Ожил ночной ветер. Зашевелился, зашуршал тростник, заскрёб шершавыми листьями. Мелкая волна стала бить в корму. Лодку тихо покачивало. Скоро начнёт светать, а он и глаз не сомкнул. И не решил главного: что ему делать в этой, в общем-то, скучной жизни.
Карьеру? Да, наверное, но как-то уже не тянет. Деньги? Они сами капают, если держишься своего круга: ты не подводишь и тебя друзья не подводят – «левые» заработки идут от вложенных в разные фирмы и фирмочки сумм. В заграничные турпоездки мотаться и то уже надоело, вот эта командировка в степную глухомань оказалась куда колоритней. Жаль, мужик попался какой-то замшело-упрямый, кайф испортил. Но, в общем-то, он ничего – заводной, только всё всерьёз принимает. Трудно с такими. Так что же делать-то? Вечный русский вопрос, забавно, не правда ли? Нет на него полного ответа, есть частичный: уехать. Немедленно!

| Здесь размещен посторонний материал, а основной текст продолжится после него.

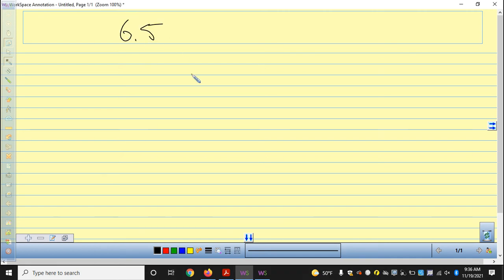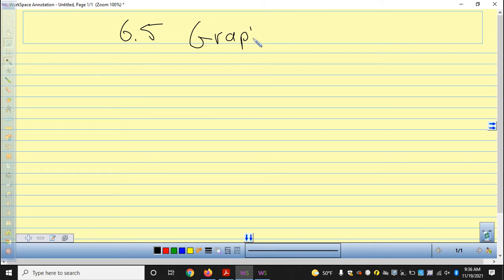This is section 6.5. It says on the top of your sheet, chapter 6, we're in section 6.5, and we're graphing linear inequalities.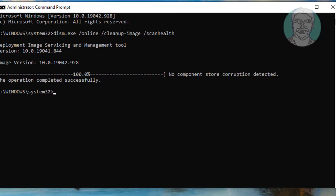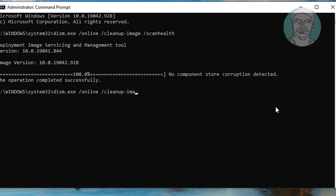Next, type: Dism.exe /Online /Cleanup-Image /RestoreHealth and press Enter.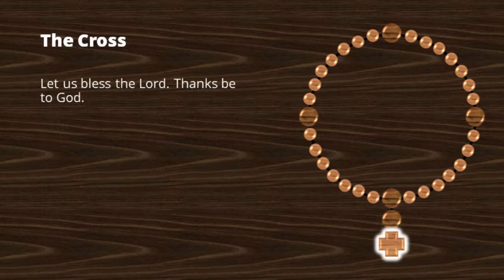Finally, returning to the cross we pray: Let us bless the Lord. Thanks be to God.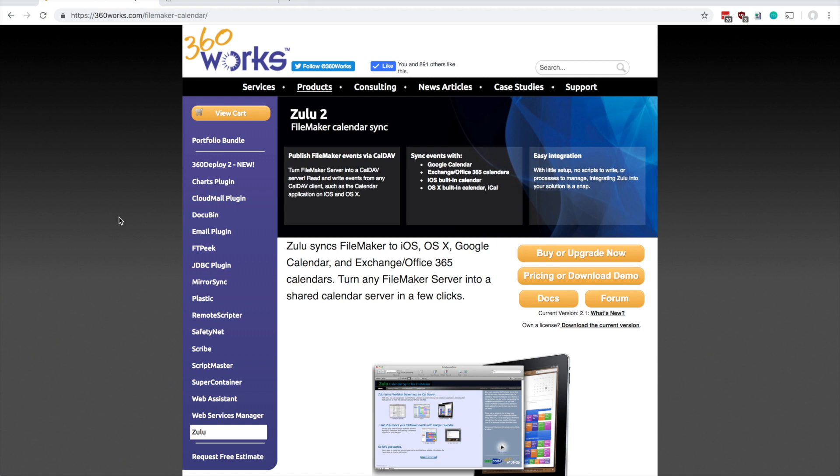Hi, this is Joe Martin from 360works. In this video I wanted to show you how to download and install Zulu, which is our calendar syncing application.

Виктор поднялся на берег, пошёл к крыльцу. Пока шёл – прикидывал: до шоссе, где ходят рейсовые автобусы, примерно километров шестьдесят. Да-а, проблемка! Пешком с непривычки – сутки ходу, к этому времени, кажется, за ним должен приехать начальственный джип. Занятная может случиться встреча: командированный москвич с сумкой через плечо, еле двигающий ногами, и джип, съезжающий с шоссе на просёлок. Вызвонить джип по мобильнику? Можно, но придётся же объяснять, что случилось. Не дай бог в душу полезут. Или чего доброго вздумают егеря перевоспитывать за то, что плохо гостя принял. А такого никакими нотациями не проймёшь, видно же.